Collected data
****************************************

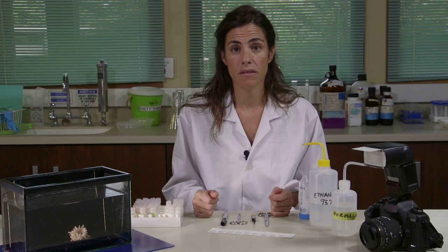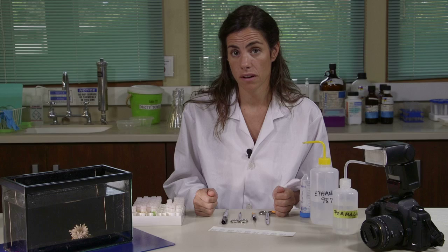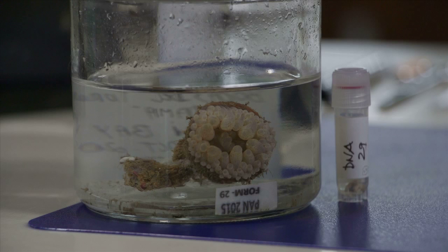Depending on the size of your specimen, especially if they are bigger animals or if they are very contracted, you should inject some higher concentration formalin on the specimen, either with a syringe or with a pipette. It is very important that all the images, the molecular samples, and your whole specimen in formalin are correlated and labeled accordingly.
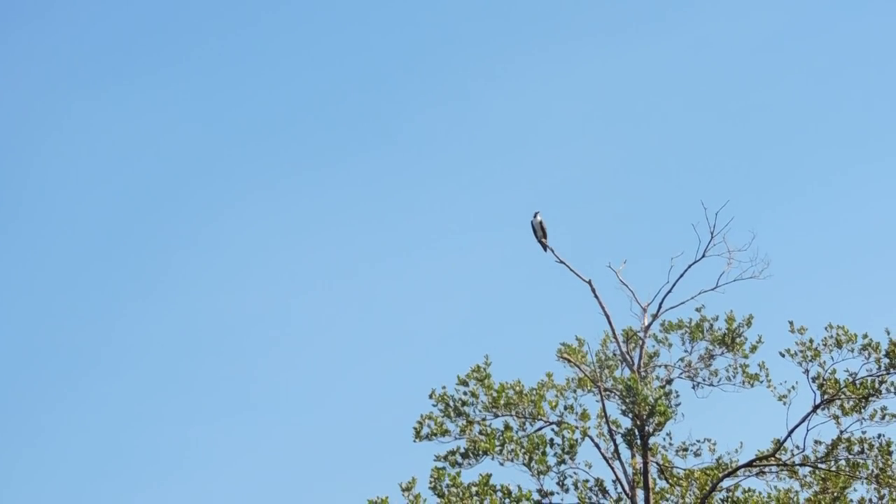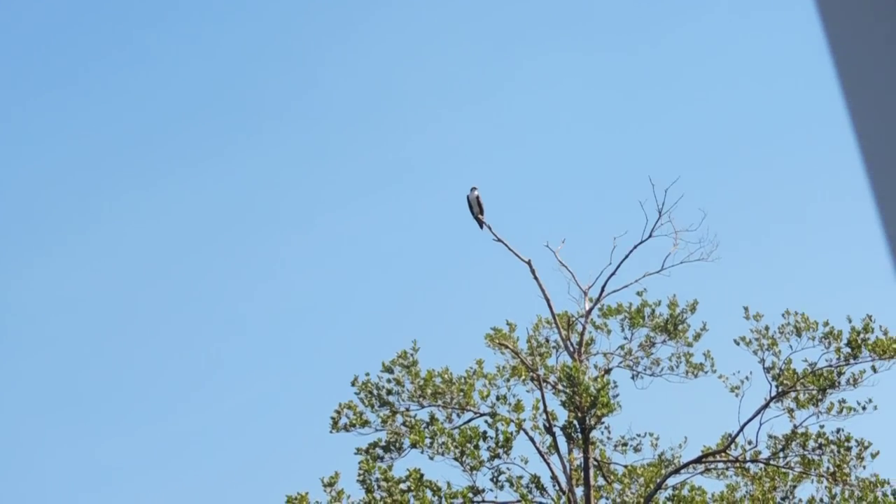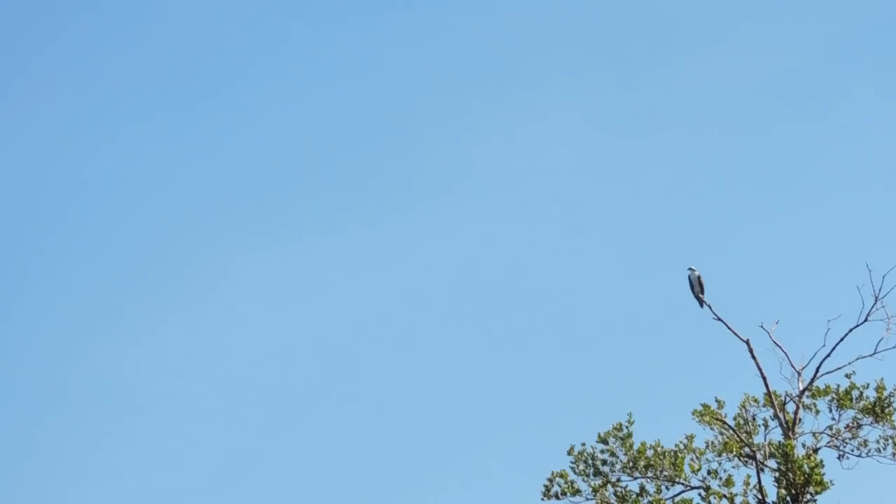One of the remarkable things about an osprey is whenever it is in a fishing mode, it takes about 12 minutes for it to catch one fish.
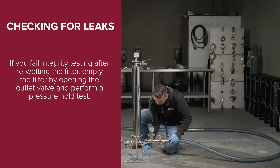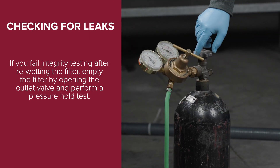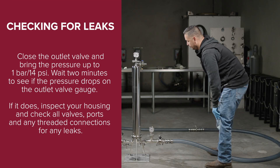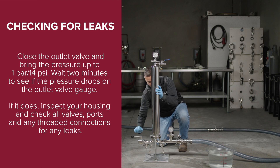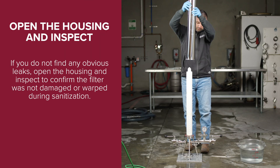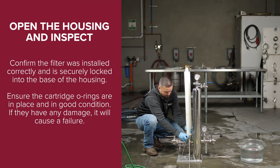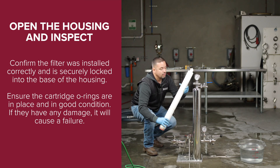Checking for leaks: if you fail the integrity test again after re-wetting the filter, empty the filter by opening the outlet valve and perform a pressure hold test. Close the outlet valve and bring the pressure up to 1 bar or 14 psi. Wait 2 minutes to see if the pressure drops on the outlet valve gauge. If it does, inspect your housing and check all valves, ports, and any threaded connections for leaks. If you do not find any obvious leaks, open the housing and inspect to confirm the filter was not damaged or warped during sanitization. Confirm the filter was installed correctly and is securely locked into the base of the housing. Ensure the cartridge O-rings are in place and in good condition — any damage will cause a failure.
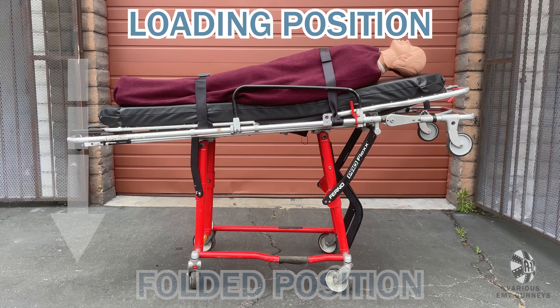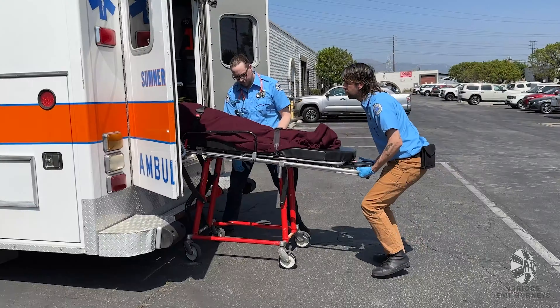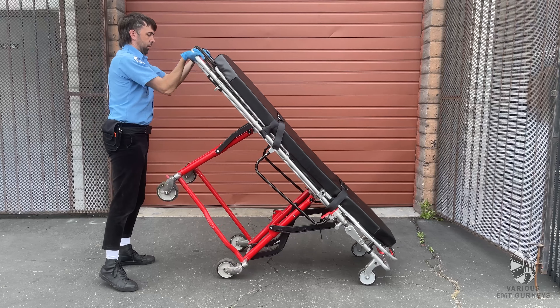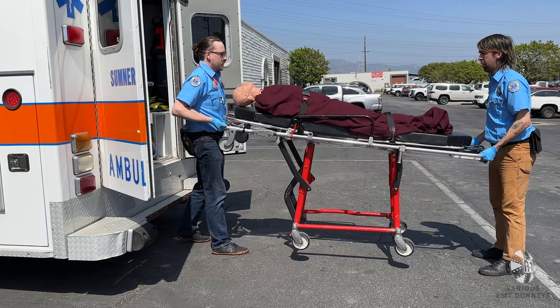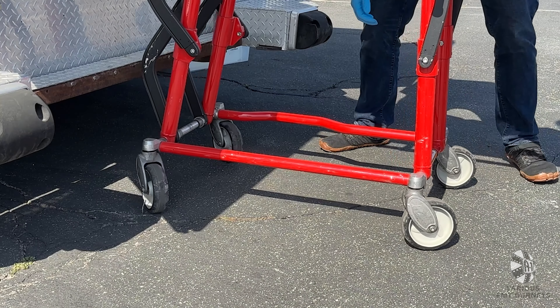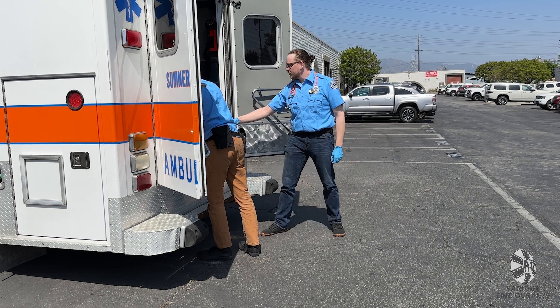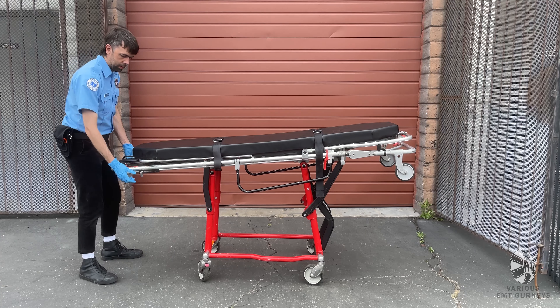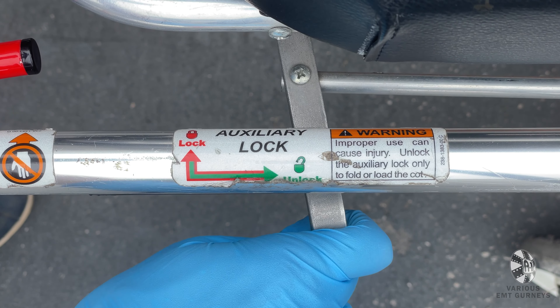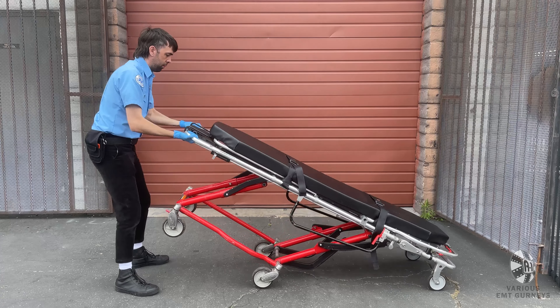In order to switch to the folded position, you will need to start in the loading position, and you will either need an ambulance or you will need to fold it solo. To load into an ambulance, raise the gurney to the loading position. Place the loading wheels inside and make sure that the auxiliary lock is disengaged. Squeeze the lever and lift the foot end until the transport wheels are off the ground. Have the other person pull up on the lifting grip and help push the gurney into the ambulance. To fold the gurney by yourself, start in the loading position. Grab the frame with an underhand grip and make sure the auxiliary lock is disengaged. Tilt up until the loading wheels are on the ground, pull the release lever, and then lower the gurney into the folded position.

****************************************

What you have to do
The listing should be transcribed exactly. No picture is to appear in the transcription.

Answer for the task
Depending on the size of your specimen, especially if they are bigger animals or if they are very contracted, you should inject some higher concentration formalin on the specimen, either with a syringe or with a pipette. It is very important that all the images, the molecular samples, and your whole specimen in formalin are correlated and labeled accordingly.
One of the remarkable things about an osprey is whenever it is in a fishing mode, it takes about 12 minutes for it to catch one fish.
Checking for leaks: if you fail the integrity test again after re-wetting the filter, empty the filter by opening the outlet valve and perform a pressure hold test. Close the outlet valve and bring the pressure up to 1 bar or 14 psi. Wait 2 minutes to see if the pressure drops on the outlet valve gauge. If it does, inspect your housing and check all valves, ports, and any threaded connections for leaks. If you do not find any obvious leaks, open the housing and inspect to confirm the filter was not damaged or warped during sanitization. Confirm the filter was installed correctly and is securely locked into the base of the housing. Ensure the cartridge O-rings are in place and in good condition — any damage will cause a failure.
In order to switch to the folded position, you will need to start in the loading position, and you will either need an ambulance or you will need to fold it solo. To load into an ambulance, raise the gurney to the loading position. Place the loading wheels inside and make sure that the auxiliary lock is disengaged. Squeeze the lever and lift the foot end until the transport wheels are off the ground. Have the other person pull up on the lifting grip and help push the gurney into the ambulance. To fold the gurney by yourself, start in the loading position. Grab the frame with an underhand grip and make sure the auxiliary lock is disengaged. Tilt up until the loading wheels are on the ground, pull the release lever, and then lower the gurney into the folded position.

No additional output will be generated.